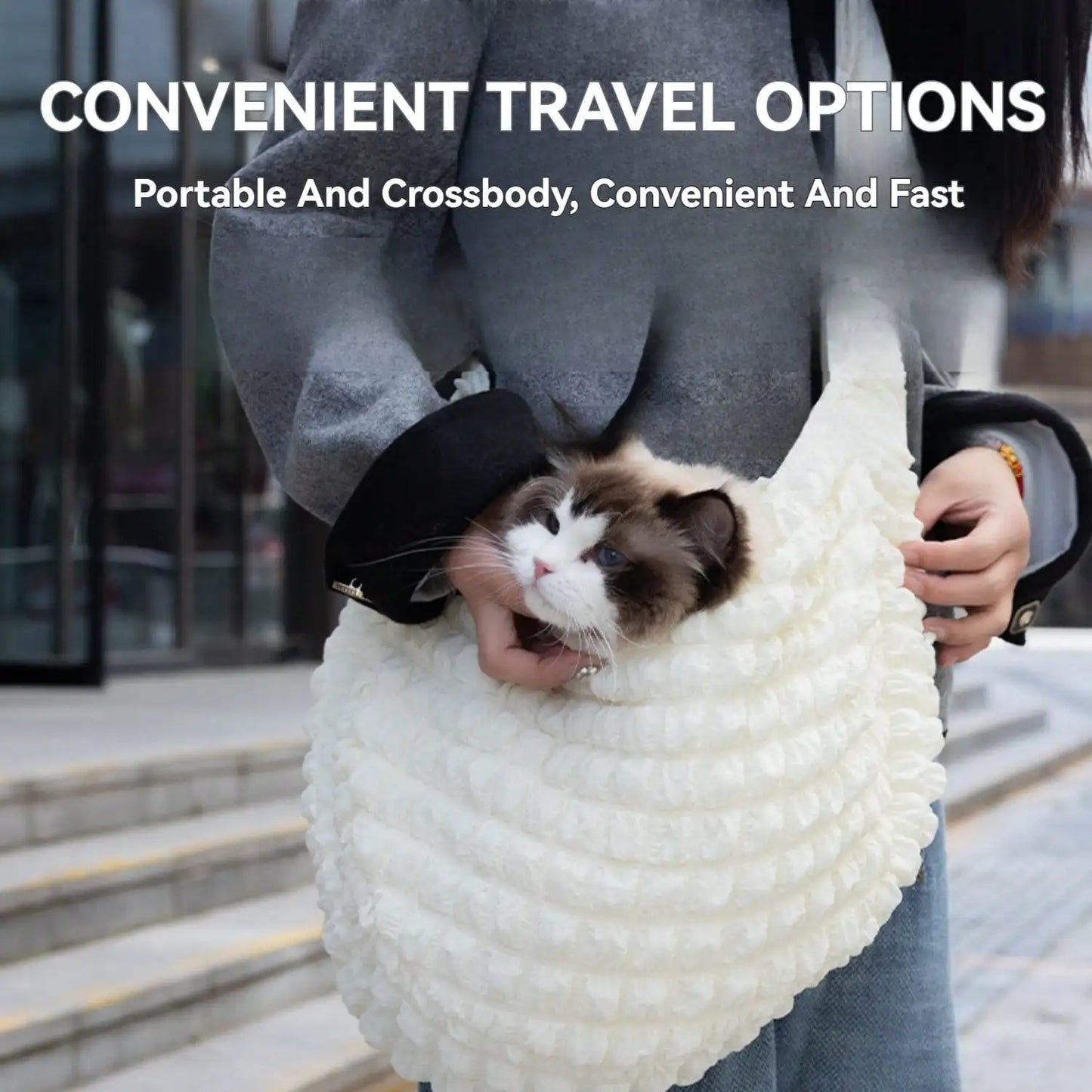 Portable Bag Dog Backpack; Breathable Pet Body  Bag  for Small Dogs; Daily Use Walking Travel bag;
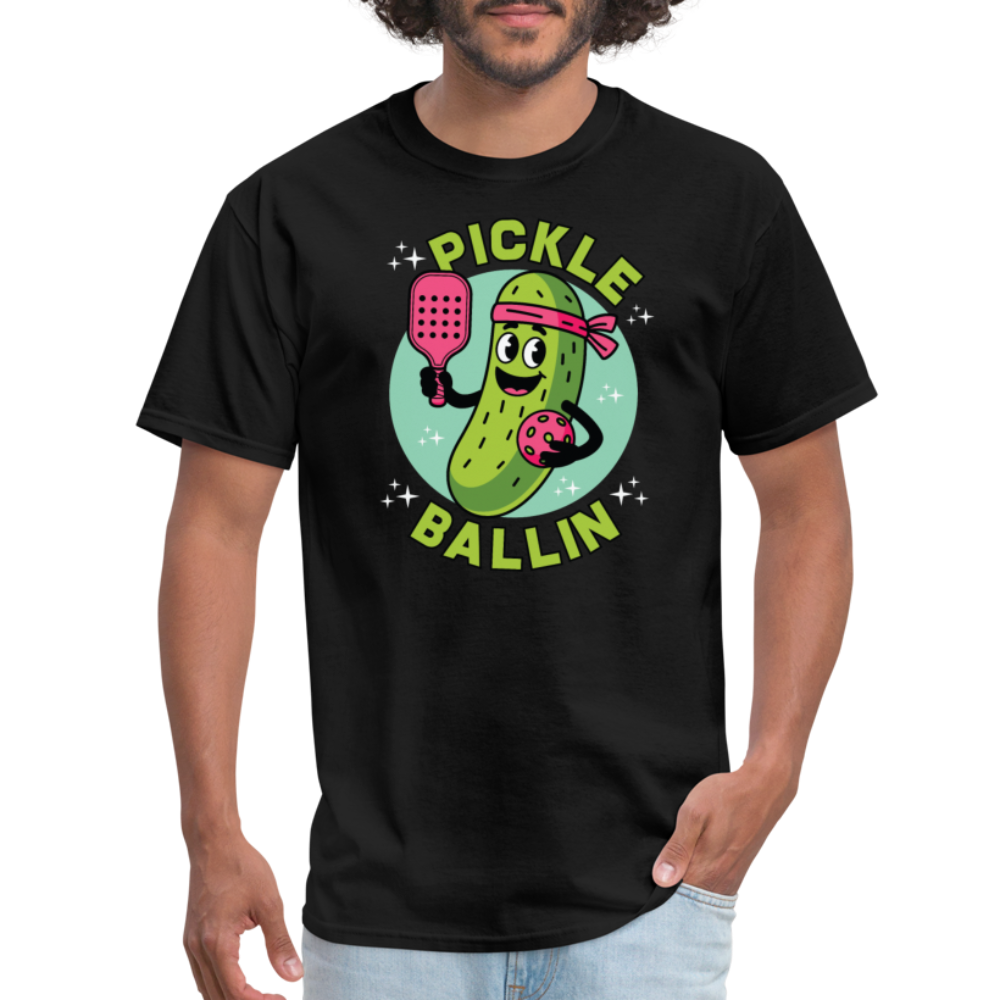 Pickle Ballin T-Shirt - black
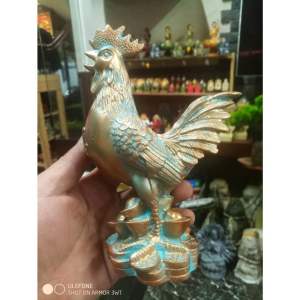 Tượng gà trống đắc Phúc Đắc Lộc bột đá cao cấp - đẹp hoàn hảo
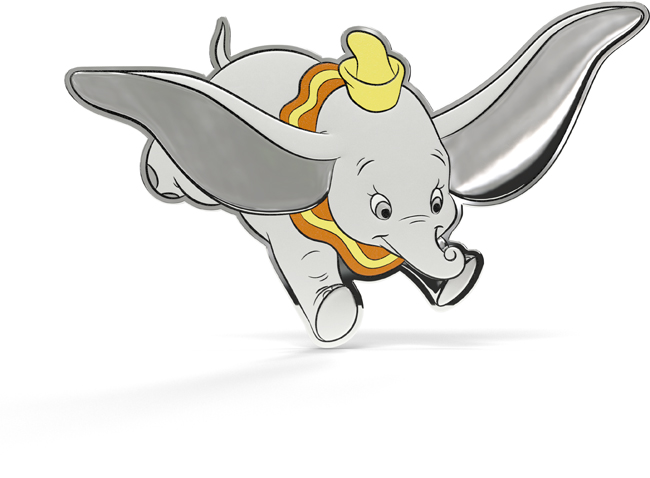 Slon Dumbo 2026, sada stříbrných mincí, 28 g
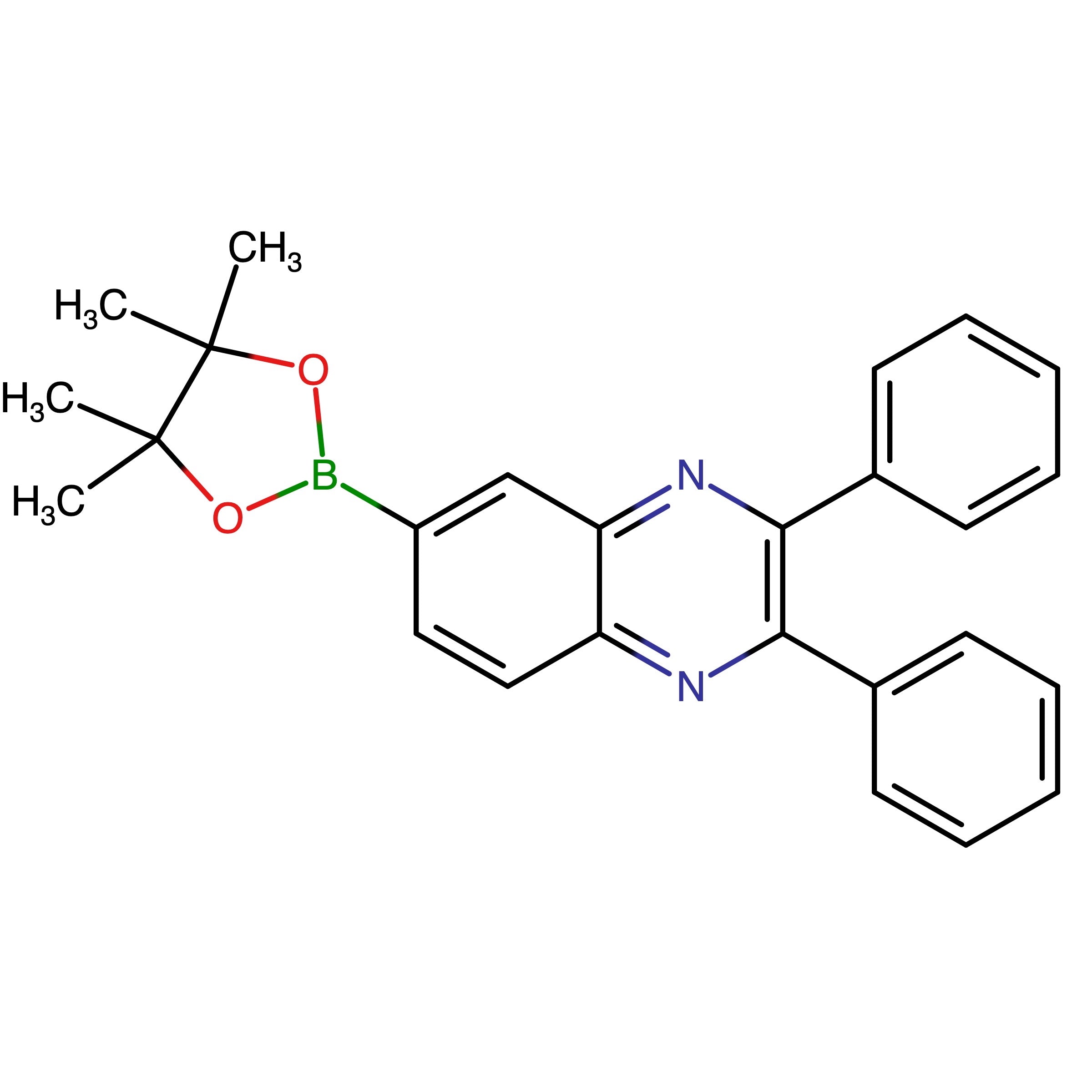 CAS RN 1133318-06-5 | 2,3-Diphenyl-6-(4,4,5,5-tetramethyl-1,3,2-dioxaborolan-2-yl)quinoxaline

■ ■ ■ ■

*WORK ITEM*:
Your answer must be an exact copy of the records, with no pictures in it.

*COMPLETED TASK*:
 Portable Bag Dog Backpack; Breathable Pet Body  Bag  for Small Dogs; Daily Use Walking Travel bag;
 Pickle Ballin T-Shirt - black
 Tượng gà trống đắc Phúc Đắc Lộc bột đá cao cấp - đẹp hoàn hảo
 Slon Dumbo 2026, sada stříbrných mincí, 28 g
 CAS RN 1133318-06-5 | 2,3-Diphenyl-6-(4,4,5,5-tetramethyl-1,3,2-dioxaborolan-2-yl)quinoxaline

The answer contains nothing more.